Records for the task:
○ ○ ○ ○ ○ ○ ○

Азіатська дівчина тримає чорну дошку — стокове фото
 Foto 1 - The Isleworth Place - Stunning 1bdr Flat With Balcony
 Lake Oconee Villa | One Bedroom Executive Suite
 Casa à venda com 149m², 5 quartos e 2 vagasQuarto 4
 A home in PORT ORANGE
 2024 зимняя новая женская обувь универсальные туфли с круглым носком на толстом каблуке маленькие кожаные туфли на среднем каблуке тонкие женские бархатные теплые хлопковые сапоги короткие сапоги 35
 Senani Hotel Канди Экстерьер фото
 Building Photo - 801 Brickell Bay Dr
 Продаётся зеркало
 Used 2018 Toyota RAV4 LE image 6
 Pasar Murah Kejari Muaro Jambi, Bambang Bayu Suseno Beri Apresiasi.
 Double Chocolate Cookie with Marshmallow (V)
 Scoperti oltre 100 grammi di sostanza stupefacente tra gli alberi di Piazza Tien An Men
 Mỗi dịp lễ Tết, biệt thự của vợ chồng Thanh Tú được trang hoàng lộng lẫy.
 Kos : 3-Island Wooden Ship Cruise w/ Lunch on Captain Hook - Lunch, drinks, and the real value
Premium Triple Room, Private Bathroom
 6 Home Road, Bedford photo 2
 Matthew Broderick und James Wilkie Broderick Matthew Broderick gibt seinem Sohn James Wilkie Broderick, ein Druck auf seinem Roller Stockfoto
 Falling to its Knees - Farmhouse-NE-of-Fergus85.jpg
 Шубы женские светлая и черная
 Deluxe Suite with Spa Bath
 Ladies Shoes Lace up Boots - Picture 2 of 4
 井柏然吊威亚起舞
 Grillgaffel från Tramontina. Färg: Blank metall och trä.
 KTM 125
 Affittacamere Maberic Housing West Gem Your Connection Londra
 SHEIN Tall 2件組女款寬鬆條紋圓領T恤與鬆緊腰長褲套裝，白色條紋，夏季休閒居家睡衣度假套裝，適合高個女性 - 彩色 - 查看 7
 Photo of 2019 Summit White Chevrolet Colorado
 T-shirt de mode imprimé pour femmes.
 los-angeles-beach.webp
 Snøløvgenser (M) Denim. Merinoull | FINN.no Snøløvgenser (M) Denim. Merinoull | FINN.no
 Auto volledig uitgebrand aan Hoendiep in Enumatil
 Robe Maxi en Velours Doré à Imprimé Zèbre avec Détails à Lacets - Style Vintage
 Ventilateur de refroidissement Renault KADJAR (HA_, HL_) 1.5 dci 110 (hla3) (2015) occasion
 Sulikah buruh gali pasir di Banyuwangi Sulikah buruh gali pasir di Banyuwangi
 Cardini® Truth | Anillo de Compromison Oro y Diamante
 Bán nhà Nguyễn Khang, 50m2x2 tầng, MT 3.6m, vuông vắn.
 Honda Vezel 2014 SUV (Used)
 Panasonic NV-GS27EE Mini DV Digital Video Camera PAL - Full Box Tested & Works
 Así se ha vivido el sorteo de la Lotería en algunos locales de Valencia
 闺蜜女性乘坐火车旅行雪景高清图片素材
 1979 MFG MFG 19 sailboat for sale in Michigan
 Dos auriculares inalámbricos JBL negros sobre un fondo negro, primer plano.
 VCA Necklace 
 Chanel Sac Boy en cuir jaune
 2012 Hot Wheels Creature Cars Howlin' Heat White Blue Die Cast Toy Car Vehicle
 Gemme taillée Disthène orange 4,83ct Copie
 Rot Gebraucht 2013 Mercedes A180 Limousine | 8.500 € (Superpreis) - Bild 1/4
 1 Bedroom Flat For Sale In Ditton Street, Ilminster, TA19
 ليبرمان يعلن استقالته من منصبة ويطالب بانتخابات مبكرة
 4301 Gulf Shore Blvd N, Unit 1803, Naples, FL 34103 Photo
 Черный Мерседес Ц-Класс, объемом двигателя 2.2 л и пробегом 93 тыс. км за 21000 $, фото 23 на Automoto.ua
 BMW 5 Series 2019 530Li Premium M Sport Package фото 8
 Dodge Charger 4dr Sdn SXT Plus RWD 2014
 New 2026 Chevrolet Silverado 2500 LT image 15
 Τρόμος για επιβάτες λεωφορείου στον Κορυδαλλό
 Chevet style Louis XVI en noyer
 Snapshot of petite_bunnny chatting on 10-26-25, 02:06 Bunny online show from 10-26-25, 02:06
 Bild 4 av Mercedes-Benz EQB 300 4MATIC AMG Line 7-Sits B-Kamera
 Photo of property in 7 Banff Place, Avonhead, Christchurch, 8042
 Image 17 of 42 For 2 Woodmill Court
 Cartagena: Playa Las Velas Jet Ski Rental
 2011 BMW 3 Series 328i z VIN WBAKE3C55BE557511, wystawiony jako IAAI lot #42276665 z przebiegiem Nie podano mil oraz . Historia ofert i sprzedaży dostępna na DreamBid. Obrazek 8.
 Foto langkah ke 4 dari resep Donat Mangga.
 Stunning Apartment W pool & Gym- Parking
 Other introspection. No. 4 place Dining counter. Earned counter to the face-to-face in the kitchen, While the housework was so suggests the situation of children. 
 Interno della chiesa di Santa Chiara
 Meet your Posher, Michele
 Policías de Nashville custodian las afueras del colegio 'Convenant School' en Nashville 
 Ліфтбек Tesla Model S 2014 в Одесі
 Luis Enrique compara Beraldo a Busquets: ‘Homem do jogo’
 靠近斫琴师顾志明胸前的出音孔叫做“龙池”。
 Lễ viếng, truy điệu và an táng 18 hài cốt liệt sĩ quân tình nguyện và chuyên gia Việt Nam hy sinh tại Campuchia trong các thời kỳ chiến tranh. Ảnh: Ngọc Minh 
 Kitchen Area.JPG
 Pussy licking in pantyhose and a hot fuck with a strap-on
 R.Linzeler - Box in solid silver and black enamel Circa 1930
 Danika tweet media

○ ○ ○ ○ ○ ○ ○

Problem: Retype all of the material above. Do not alter a single word.

Finished task:
Азіатська дівчина тримає чорну дошку — стокове фото
 Foto 1 - The Isleworth Place - Stunning 1bdr Flat With Balcony
 Lake Oconee Villa | One Bedroom Executive Suite
 Casa à venda com 149m², 5 quartos e 2 vagasQuarto 4
 A home in PORT ORANGE
 2024 зимняя новая женская обувь универсальные туфли с круглым носком на толстом каблуке маленькие кожаные туфли на среднем каблуке тонкие женские бархатные теплые хлопковые сапоги короткие сапоги 35
 Senani Hotel Канди Экстерьер фото
 Building Photo - 801 Brickell Bay Dr
 Продаётся зеркало
 Used 2018 Toyota RAV4 LE image 6
 Pasar Murah Kejari Muaro Jambi, Bambang Bayu Suseno Beri Apresiasi.
 Double Chocolate Cookie with Marshmallow (V)
 Scoperti oltre 100 grammi di sostanza stupefacente tra gli alberi di Piazza Tien An Men
 Mỗi dịp lễ Tết, biệt thự của vợ chồng Thanh Tú được trang hoàng lộng lẫy.
 Kos : 3-Island Wooden Ship Cruise w/ Lunch on Captain Hook - Lunch, drinks, and the real value
Premium Triple Room, Private Bathroom
 6 Home Road, Bedford photo 2
 Matthew Broderick und James Wilkie Broderick Matthew Broderick gibt seinem Sohn James Wilkie Broderick, ein Druck auf seinem Roller Stockfoto
 Falling to its Knees - Farmhouse-NE-of-Fergus85.jpg
 Шубы женские светлая и черная
 Deluxe Suite with Spa Bath
 Ladies Shoes Lace up Boots - Picture 2 of 4
 井柏然吊威亚起舞
 Grillgaffel från Tramontina. Färg: Blank metall och trä.
 KTM 125
 Affittacamere Maberic Housing West Gem Your Connection Londra
 SHEIN Tall 2件組女款寬鬆條紋圓領T恤與鬆緊腰長褲套裝，白色條紋，夏季休閒居家睡衣度假套裝，適合高個女性 - 彩色 - 查看 7
 Photo of 2019 Summit White Chevrolet Colorado
 T-shirt de mode imprimé pour femmes.
 los-angeles-beach.webp
 Snøløvgenser (M) Denim. Merinoull | FINN.no Snøløvgenser (M) Denim. Merinoull | FINN.no
 Auto volledig uitgebrand aan Hoendiep in Enumatil
 Robe Maxi en Velours Doré à Imprimé Zèbre avec Détails à Lacets - Style Vintage
 Ventilateur de refroidissement Renault KADJAR (HA_, HL_) 1.5 dci 110 (hla3) (2015) occasion
 Sulikah buruh gali pasir di Banyuwangi Sulikah buruh gali pasir di Banyuwangi
 Cardini® Truth | Anillo de Compromison Oro y Diamante
 Bán nhà Nguyễn Khang, 50m2x2 tầng, MT 3.6m, vuông vắn.
 Honda Vezel 2014 SUV (Used)
 Panasonic NV-GS27EE Mini DV Digital Video Camera PAL - Full Box Tested & Works
 Así se ha vivido el sorteo de la Lotería en algunos locales de Valencia
 闺蜜女性乘坐火车旅行雪景高清图片素材
 1979 MFG MFG 19 sailboat for sale in Michigan
 Dos auriculares inalámbricos JBL negros sobre un fondo negro, primer plano.
 VCA Necklace 
 Chanel Sac Boy en cuir jaune
 2012 Hot Wheels Creature Cars Howlin' Heat White Blue Die Cast Toy Car Vehicle
 Gemme taillée Disthène orange 4,83ct Copie
 Rot Gebraucht 2013 Mercedes A180 Limousine | 8.500 € (Superpreis) - Bild 1/4
 1 Bedroom Flat For Sale In Ditton Street, Ilminster, TA19
 ليبرمان يعلن استقالته من منصبة ويطالب بانتخابات مبكرة
 4301 Gulf Shore Blvd N, Unit 1803, Naples, FL 34103 Photo
 Черный Мерседес Ц-Класс, объемом двигателя 2.2 л и пробегом 93 тыс. км за 21000 $, фото 23 на Automoto.ua
 BMW 5 Series 2019 530Li Premium M Sport Package фото 8
 Dodge Charger 4dr Sdn SXT Plus RWD 2014
 New 2026 Chevrolet Silverado 2500 LT image 15
 Τρόμος για επιβάτες λεωφορείου στον Κορυδαλλό
 Chevet style Louis XVI en noyer
 Snapshot of petite_bunnny chatting on 10-26-25, 02:06 Bunny online show from 10-26-25, 02:06
 Bild 4 av Mercedes-Benz EQB 300 4MATIC AMG Line 7-Sits B-Kamera
 Photo of property in 7 Banff Place, Avonhead, Christchurch, 8042
 Image 17 of 42 For 2 Woodmill Court
 Cartagena: Playa Las Velas Jet Ski Rental
 2011 BMW 3 Series 328i z VIN WBAKE3C55BE557511, wystawiony jako IAAI lot #42276665 z przebiegiem Nie podano mil oraz . Historia ofert i sprzedaży dostępna na DreamBid. Obrazek 8.
 Foto langkah ke 4 dari resep Donat Mangga.
 Stunning Apartment W pool & Gym- Parking
 Other introspection. No. 4 place Dining counter. Earned counter to the face-to-face in the kitchen, While the housework was so suggests the situation of children. 
 Interno della chiesa di Santa Chiara
 Meet your Posher, Michele
 Policías de Nashville custodian las afueras del colegio 'Convenant School' en Nashville 
 Ліфтбек Tesla Model S 2014 в Одесі
 Luis Enrique compara Beraldo a Busquets: ‘Homem do jogo’
 靠近斫琴师顾志明胸前的出音孔叫做“龙池”。
 Lễ viếng, truy điệu và an táng 18 hài cốt liệt sĩ quân tình nguyện và chuyên gia Việt Nam hy sinh tại Campuchia trong các thời kỳ chiến tranh. Ảnh: Ngọc Minh 
 Kitchen Area.JPG
 Pussy licking in pantyhose and a hot fuck with a strap-on
 R.Linzeler - Box in solid silver and black enamel Circa 1930
 Danika tweet media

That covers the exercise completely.